BEGIN Dataset section
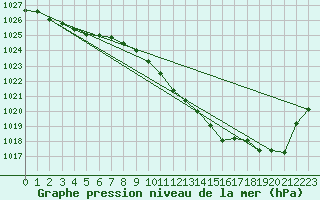 Courbe de la pression atmosphrique pour Ambrieu (01)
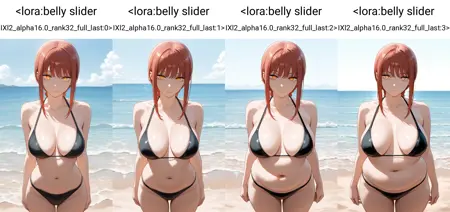 Belly Slider - [Illustrious XL]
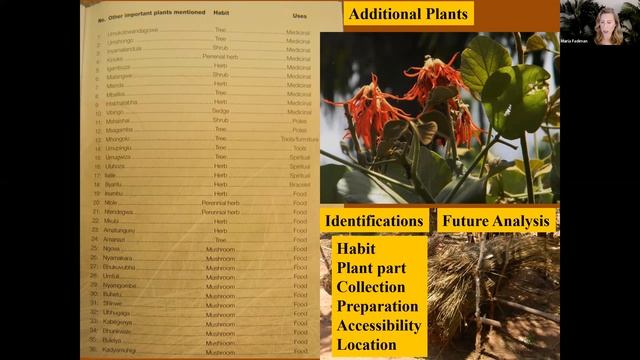 Guest lecture on 'Global Ethnobotany, Identity and Conservation' by Dr. Maria Fadiman смотреть онлайн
END Dataset section
**Task requirements:** Set down all the data again exactly as above, pictures excluded.

**Solved exercise:**
 Courbe de la pression atmosphrique pour Ambrieu (01)
 Belly Slider - [Illustrious XL]
 Guest lecture on 'Global Ethnobotany, Identity and Conservation' by Dr. Maria Fadiman смотреть онлайн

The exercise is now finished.